La question de savoir si et dans quelle mesure l'article 69 CBE doit être pris en compte pour interpréter les revendications dans le cadre de l'examen de la brevetabilité revient régulièrement sur la devant de la scène. Nous avons récemment vu que la Cour d'Appel de la JUB considère quant à elle que la description et les figures doivent toujours être utilisées comme une aide à l'interprétation, et pas seulement pour résoudre des ambiguïtés.
Dans le cas d'espèce, la question était de savoir quel sens donner à l'expression "en prise avec" (engaged with), dans le contexte d'un article d'habillement dans lequel un système de retour en position arrière inférieure 202 était en prise avec un vêtement 200.
La Chambre adopte l'interprétation techniquement raisonnable la plus large possible: le système de retour peut (i) être un élément distinct mais attaché au vêtement ou (ii) être intégralement incorporé au vêtement. L'expression n'est pas ambiguë de sorte qu'il n'est pas nécessaire de se référer à la description pour l'interpréter.
Du reste, il n'est pas vrai que seule une interprétation restrictive serait conforme à l'article 69 CBE. La primauté des revendications est consacrée par la première phrase de cet article. La description et les dessins n'ont pas le même statut. Le protocole interprétatif de l'article 69 CBE mentionne deux "pôles", et la jurisprudence de l'OEB se situe entre ces deux pôles: il ne faut ni mettre trop l'accent sur la formulation littérale des revendications, considérées isolément du reste du brevet ni mettre trop l'accent sur le concept inventif général divulgué dans le brevet sans tenir suffisamment compte de la formulation des définitions (G2/88, 4).
Ici, l'interprétation de "en prise avec" n'est pas une question d'interprétation du terme d'un point de vue purement linguistique, mais plutôt d'une interprétation à la lumière des connaissances générales de la personne du métier dans le domaine technique considéré, qui nécessite l'identification de ce domaine à partir de la divulgation complète du brevet.
Ni l'article 69 CBE ni son protocole interprétatif n'expliquent comment utiliser la description et les dessins.

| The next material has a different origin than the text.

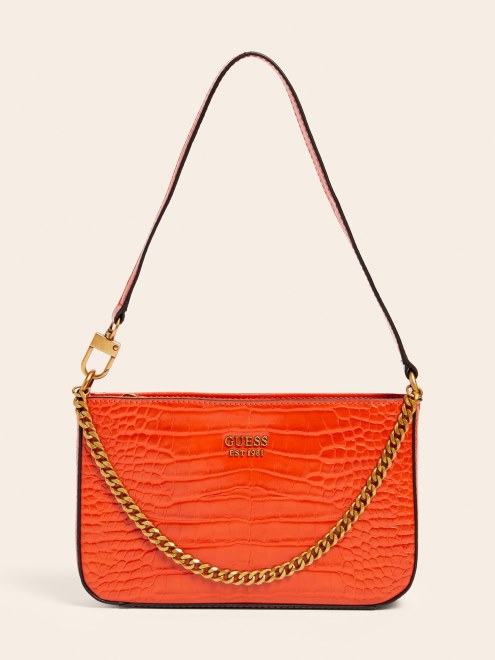 Bolso De Hombro Con Estampado De Cocodrilo Katey Naranja Guess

Néanmoins, le principe de primauté des revendications semble exclure une utilisation aux fins de limitation de la portée des revendications si l'interprétation à la lumière des connaissances générales conduit déjà à un résultat techniquement sensé. De même, le fait de ne pas lire dans la revendication des caractéristiques limitatives qui ne figurent que dans la description est totalement en ligne avec l'article 69 CBE.
Si un terme est défini dans la description d'une manière particulière, qui s'écarte du sens normal du terme dans la technique, cette définition devrait figurer dans la revendication pour être prise en compte dans le cadre de l'examen de la validité.
En tout état de cause la Chambre considère que même la prise en compte de la description ne conduirait pas à adopter une interprétation limitée à deux éléments distincts.
Cette décision, qui suit la même ligne que la décision T 447/22, me paraît fournir une approche convaincante quant à l’interprétation des revendications au titre de l'article 69 dans le contexte de l'évaluation de la validité dans la procédure d'opposition.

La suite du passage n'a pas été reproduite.